A las 5:00 de la mañana del domingo 5, nos levantamos y abordamos la chata para emprender el regreso a casa. Mariano se quedó en la terminal de Salta, pues se iba hacia Bolivia a realizar el reconocimiento para la travesía “Altiplano Extremo”.

El viaje fue tranquilo, charlando y tomando mates, conversando con Gustavo, que tenía que manejar hasta La Plata. Paramos en una estación de servicio a desayunar y después en otra a almorzar. Por suerte la embocamos en Santiago, ya que e bastante difícil dar con la ruta correcta. Descendí en Rafaela, donde tomé un micro hasta Santa Fe y luego el final hasta Santo Tomé.

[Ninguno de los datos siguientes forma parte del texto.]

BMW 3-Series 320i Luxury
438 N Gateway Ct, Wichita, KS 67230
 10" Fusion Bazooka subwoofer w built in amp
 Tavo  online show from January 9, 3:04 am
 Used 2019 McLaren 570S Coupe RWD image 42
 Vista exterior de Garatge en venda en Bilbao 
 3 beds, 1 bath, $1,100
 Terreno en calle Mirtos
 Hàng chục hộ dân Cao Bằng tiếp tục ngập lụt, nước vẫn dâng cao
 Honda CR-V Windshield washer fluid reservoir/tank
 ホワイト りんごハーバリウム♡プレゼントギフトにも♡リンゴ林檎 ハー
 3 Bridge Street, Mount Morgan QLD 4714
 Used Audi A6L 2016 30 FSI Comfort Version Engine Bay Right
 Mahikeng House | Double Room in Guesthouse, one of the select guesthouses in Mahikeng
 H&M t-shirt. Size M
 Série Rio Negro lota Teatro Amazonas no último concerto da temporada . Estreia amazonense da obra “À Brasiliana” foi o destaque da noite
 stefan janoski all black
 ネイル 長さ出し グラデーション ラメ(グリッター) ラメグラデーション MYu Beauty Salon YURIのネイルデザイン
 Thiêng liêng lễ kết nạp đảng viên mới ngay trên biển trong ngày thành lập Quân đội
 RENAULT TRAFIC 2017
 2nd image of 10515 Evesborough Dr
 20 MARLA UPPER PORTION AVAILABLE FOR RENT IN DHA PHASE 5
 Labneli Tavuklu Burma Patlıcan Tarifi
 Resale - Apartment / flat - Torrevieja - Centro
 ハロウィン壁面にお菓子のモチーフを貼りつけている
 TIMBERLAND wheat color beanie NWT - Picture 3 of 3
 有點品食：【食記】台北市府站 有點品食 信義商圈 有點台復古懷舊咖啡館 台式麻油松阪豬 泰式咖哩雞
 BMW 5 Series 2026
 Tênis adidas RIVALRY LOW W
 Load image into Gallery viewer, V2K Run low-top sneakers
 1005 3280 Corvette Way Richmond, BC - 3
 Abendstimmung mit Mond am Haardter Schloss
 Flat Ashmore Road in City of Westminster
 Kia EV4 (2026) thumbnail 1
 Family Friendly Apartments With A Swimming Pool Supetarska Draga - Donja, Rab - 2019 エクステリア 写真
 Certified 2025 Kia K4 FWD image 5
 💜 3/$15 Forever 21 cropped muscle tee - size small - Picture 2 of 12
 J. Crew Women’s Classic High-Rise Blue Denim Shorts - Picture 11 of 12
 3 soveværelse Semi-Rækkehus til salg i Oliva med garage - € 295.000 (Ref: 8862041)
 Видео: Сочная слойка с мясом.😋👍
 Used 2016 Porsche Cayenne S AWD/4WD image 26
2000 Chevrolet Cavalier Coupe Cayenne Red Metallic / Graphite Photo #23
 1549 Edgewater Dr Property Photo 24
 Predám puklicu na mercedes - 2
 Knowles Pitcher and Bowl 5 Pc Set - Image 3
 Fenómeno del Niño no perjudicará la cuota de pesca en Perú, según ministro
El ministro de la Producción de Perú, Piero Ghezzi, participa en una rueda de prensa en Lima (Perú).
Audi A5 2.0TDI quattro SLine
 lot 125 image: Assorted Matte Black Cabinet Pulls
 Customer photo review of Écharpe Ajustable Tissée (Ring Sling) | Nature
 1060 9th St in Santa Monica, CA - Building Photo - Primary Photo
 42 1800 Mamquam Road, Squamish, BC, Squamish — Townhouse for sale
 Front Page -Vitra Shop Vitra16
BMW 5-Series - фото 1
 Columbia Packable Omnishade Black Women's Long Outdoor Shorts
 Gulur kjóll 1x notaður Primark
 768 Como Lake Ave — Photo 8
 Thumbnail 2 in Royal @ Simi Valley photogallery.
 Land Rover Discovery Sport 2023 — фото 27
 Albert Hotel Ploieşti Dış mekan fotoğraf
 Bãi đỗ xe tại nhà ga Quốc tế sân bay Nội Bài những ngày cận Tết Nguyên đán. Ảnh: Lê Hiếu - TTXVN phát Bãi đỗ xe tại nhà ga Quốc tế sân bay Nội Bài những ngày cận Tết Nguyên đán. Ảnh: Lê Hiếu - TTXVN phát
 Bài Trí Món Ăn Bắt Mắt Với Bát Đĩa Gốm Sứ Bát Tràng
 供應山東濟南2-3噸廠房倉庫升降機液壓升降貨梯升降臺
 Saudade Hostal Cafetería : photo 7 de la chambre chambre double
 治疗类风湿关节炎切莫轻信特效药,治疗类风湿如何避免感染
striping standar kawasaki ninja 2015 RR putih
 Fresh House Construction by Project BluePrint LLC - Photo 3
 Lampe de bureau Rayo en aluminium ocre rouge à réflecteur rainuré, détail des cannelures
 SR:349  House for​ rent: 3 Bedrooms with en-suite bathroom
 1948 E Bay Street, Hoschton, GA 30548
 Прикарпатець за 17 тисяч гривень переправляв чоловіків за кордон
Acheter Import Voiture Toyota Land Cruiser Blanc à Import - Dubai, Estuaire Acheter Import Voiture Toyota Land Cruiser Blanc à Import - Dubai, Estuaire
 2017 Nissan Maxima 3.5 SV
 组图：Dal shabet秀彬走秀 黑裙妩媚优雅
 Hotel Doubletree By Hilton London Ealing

Todo esto que alguna vez fue un sueño hoy es realidad. Y no terminó, porque lo recordaré el resto de mi vida. Esto me enseñó que es bueno soñar despierto, porque quizás alguno se cumpla, uno nunca sabe, y que soñar con viajes en mi bici y conocer a alguien es muy bueno. A mi entender los sueños alimentan el espíritu, por eso seguiré soñando; quizás en alguna otra oportunidad, quién sabe cuando y dónde, se desprenda del cielo una luz que haga realidad otro sueño, ¿no?